4,043 books10.6k followers
Louisa May Alcott was an American novelist, short story writer, and poet best known for writing the novel Little Women (1868) and its sequels Good Wives (1869), Little Men (1871) and Jo's Boys (1886). Raised in New England by her transcendentalist parents, Abigail May Alcott and Amos Bronson Alcott, she grew up among many well-known intellectuals of the day, including Margaret Fuller, Ralph Waldo Emerson, Nathaniel Hawthorne, Henry David Thoreau, and Henry Wadsworth Longfellow.
Alcott's family suffered from financial difficulties, and while she worked to help support the family from an early age, she also sought an outlet in writing. She began to receive critical success for her writing in the 1860s. Early in her career, she sometimes used pen names such as A.M. Barnard, under which she wrote lurid short stories and sensation novels for adults that focused on passion and revenge.

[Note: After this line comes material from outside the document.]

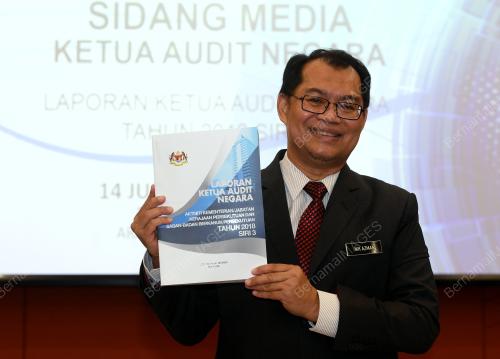 DATUK NIK AZMAN NIK ABDUL MAJID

Published in 1868, Little Women is set in the Alcott family home, Orchard House, in Concord, Massachusetts, and is loosely based on Alcott's childhood experiences with her three sisters, Abigail May Alcott Nieriker, Elizabeth Sewall Alcott, and Anna Bronson Alcott Pratt. The novel was well-received at the time and is still popular today among both children and adults. It has been adapted for stage plays, films, and television many times.
Alcott was an abolitionist and a feminist and remained unmarried throughout her life. She also spent her life active in reform movements such as temperance and women's suffrage. She died from a stroke in Boston on March 6, 1888, just two days after her father's death.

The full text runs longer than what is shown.